Golden Ratio: Art Tutorial Two



Design elements need to be considered while developing a larger sketch for your art piece.  You’ve played with thumbnail sketches.  Now you can look for the points on your drawing that are established by the Golden Ratio. These points become a guide for placing a point of interest on the larger sketch.

The Golden Mean or Golden Ratio (sometimes called the Divine Proportion) was discovered by Greek mathematicians and used to study geometric figures and the properties of numbers during the sixth century BC.  Euclid defined it in his thirteen volume work Elements in the third century BC.  When used to determine the shape of a space, it is said to be the most appealing or satisfying proportion to the human mind.

ABC line

To understand this ratio, draw a line.  Label it AB. Place a point C on the line to divide the line into two portions.  However to create the Divine Proportion, the division has to be done in such a way that AC (the longer portion) relates in size to CB (the shorter portion) in the same way (or ratio) as AB relates in size to AC.

Euclid determined that if CB equals 1, AC will be 1.6180339887… times the length of CB.  (This is called the “extreme and mean ratio”.)  Therefore AB = 2.6180339887….

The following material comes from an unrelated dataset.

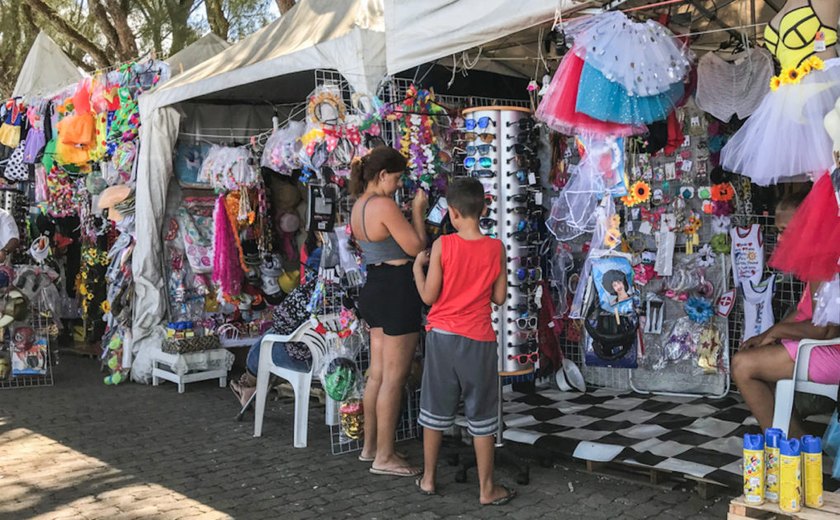 Pandemia gera cenário atípico para o Comércio com “cancelamento” do Carnaval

So, if we find point C on the length and width measurements of our art piece, we can draw two horizontal lines and two vertical lines to determine four points of compelling interest on our sketch.  These points become a guide rather than an absolute for placing something of interest in my compositional plan.  Follow the steps below to find the four points on any size canvas.

line drawing on paper

Get your calculator ready.  We will work with a 16″ x 20″ canvas.

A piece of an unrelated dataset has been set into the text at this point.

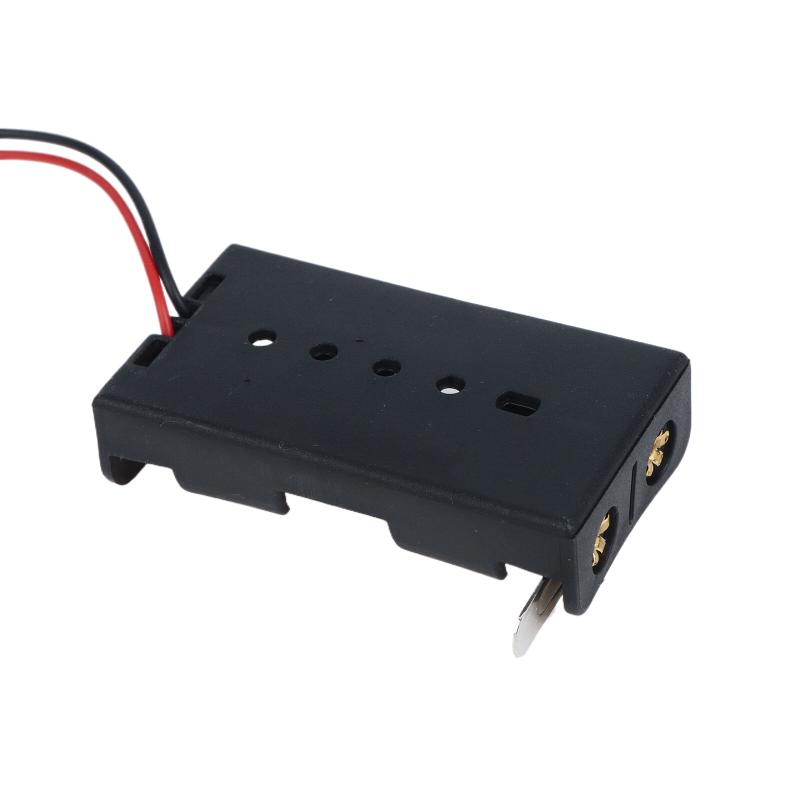 1Pc 130 Motor Kit With 2 Slots Battery Storage Case And Switch 22000 Rpm Mini Student Diy Electronic Motor Circuit Models Kit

Step 1:  20 divided by 2.618 = CB   (The answer is 7.639″.)

Step 2:  Multiply 7.639 by 1.618 = AC  ( The answer is 12.359″.)  7.639″ + 12.359″  =  20″.  Now you have the short portion and the long portion.

Step 3:  Mark the 20” edge of your canvas or paper on the point 7.6” (eyeball the tenths, since a ruler is divided into eighths) from the bottom and again 7.6” from the top.  Do the same on the other 20” edge.  Draw a light line through the top points and the bottom points.  I use chalk on my canvases.  I lay strips of paper on my watercolor paper.

Step 4: 16 divided by 2.618 = CB  (The answer is 6.111″.)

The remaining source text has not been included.